Kegiatan  pertambangan,  selain  menimbulkan dampak  lingkungan, ternyata menimbulkan dampak sosial yang komplek. Oleh sebab itu,   AMDAL suatu kegiatan pertambangan harus dapat menjawab dua tujuan pokok (World Bank,
1998):
1. Memastikan   bahwa   biaya   lingkungan,   sosial   dan   kesehatan dipertimbangkan dalam menentukan kelayakan ekonomi dan penentuan alternatif kegiatan yang akan dipilih.
2.  Memastikan   bahwa   pengendalian,   penge-lolaan,   pemantauan   serta
langkah-langkah  perlindungan  telah  terintegrasi  di  dalam  desain  dan implementasi proyek serta rencana penutupan tambang.

Klasifikasi Bahan Tambang

Bahan galian seringkali  dibedakan menjadi tiga kelompok besar, yakni bahan galian metalliferous, nonmetalliferous dan bahan galian yang digunakan untuk bahan bangunan atau batuan ornamen.

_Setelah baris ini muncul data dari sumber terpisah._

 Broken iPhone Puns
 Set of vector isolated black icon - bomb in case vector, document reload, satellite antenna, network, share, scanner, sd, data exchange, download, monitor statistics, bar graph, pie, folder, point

Kelompok  bahan  galian    metalliferous  antara  lain    adalah  emas,  besi, tembaga, timbal, seng, timah, mangan. Sedangkan bahan galian nonmetalliferous terdiri dari batubara, kwarsa, bauksit, trona, borak, asbes, talk, feldspar dan batuan pospat. Bahan galian untuk bahan bangunan dan batuan ornamen termasuk didalamnya slate, marmer, kapur, traprock, travertine, dan granite.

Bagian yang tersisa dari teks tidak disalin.